(GIVEN DATA)
════════════════

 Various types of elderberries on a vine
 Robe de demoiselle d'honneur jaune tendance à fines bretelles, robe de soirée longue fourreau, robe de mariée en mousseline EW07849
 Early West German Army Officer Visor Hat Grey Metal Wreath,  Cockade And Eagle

════════════════

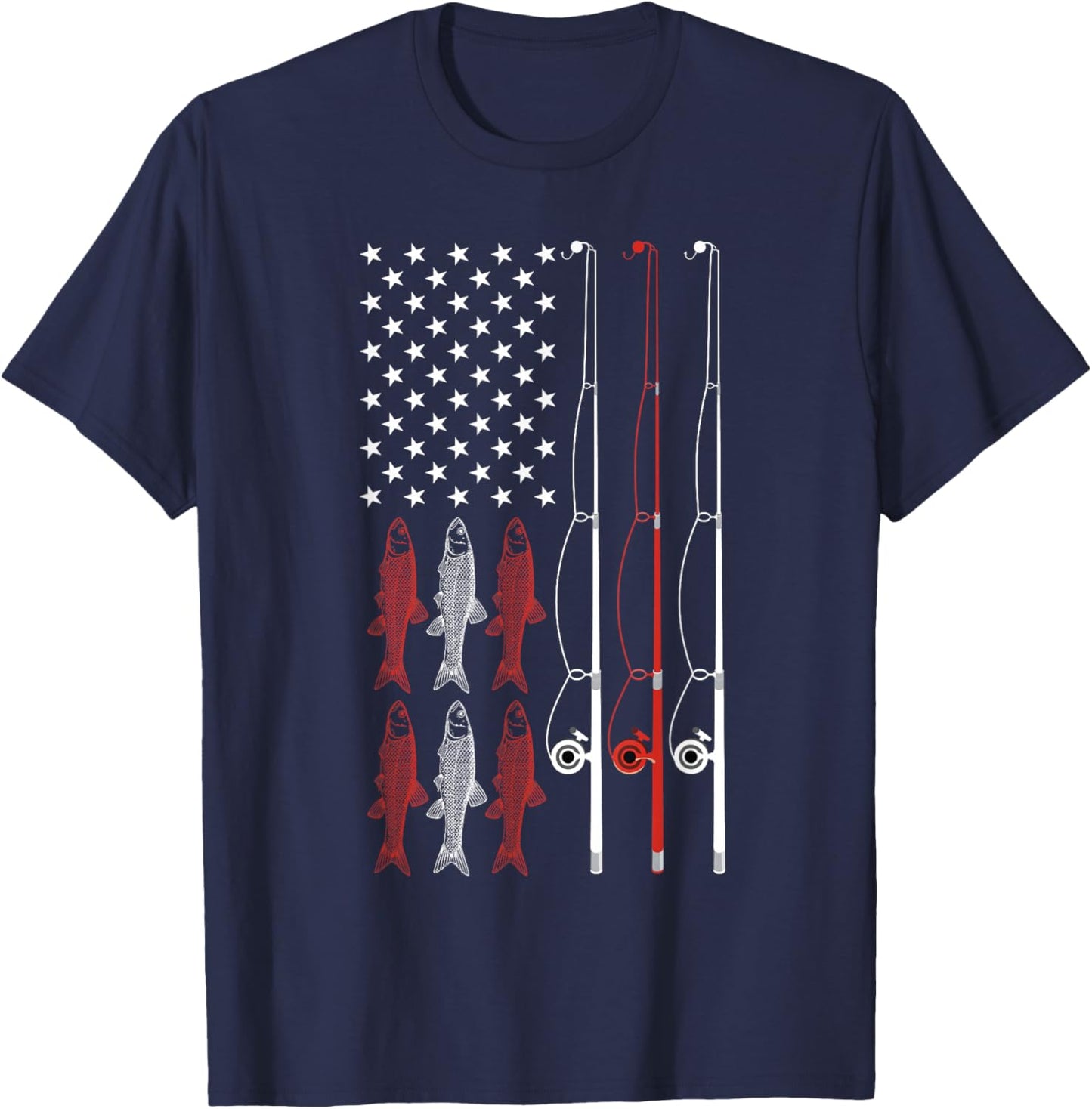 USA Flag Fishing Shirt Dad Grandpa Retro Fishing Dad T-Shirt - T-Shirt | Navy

════════════════

(TASK DESCRIPTION) Look above for the line with "Various types of elderberries on a vine" and the line with "Early West German". Write out those two lines and all the lines between them, exactly, and no others.

(OUTPUT)
 Various types of elderberries on a vine
 Robe de demoiselle d'honneur jaune tendance à fines bretelles, robe de soirée longue fourreau, robe de mariée en mousseline EW07849
 Early West German Army Officer Visor Hat Grey Metal Wreath,  Cockade And Eagle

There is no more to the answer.